Concerts are also important to realize the exact valuse of a musician or band, because with today's tecnology you can do magic in a recording srudio, but the audience is a monster of 1000 heads ready to find the smallest mistake and lapidate you or to love you instantly.

Iván

PS: Please excuse me for my poor english, it's only my second language.

KeithieW
03-27-2003, 02:05 AM
I'd go for All of the above plus!

The main thing that has changed music the MOST in the 20th Century (or ANY century come to that) is the Human Desire for experimentation.
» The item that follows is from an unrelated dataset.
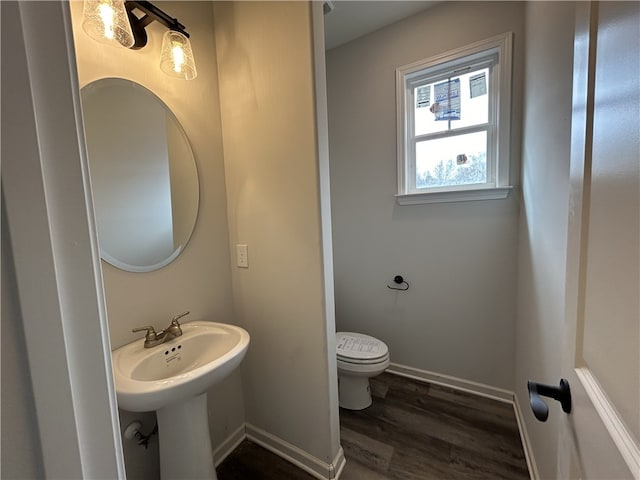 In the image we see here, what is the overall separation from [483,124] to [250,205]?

Examples of this being:

Beethoven writing Symphonies twice the length of the norm; shocking at the time.

The move away from writing purely Tonal music by the likes of Webern, Schoenburg and Berg.

The coming of the minimalist movement and the work of composers like Philip Glass, Steve Reich and John Adams. The most striking example has to be John Cage's work culminating in the purely silent 4' 33''..........I actually have a CD of a performance of this.

Miles Davis developing the idea of "Fusion" from which came the inspiration for a lot of bands that we have on AM.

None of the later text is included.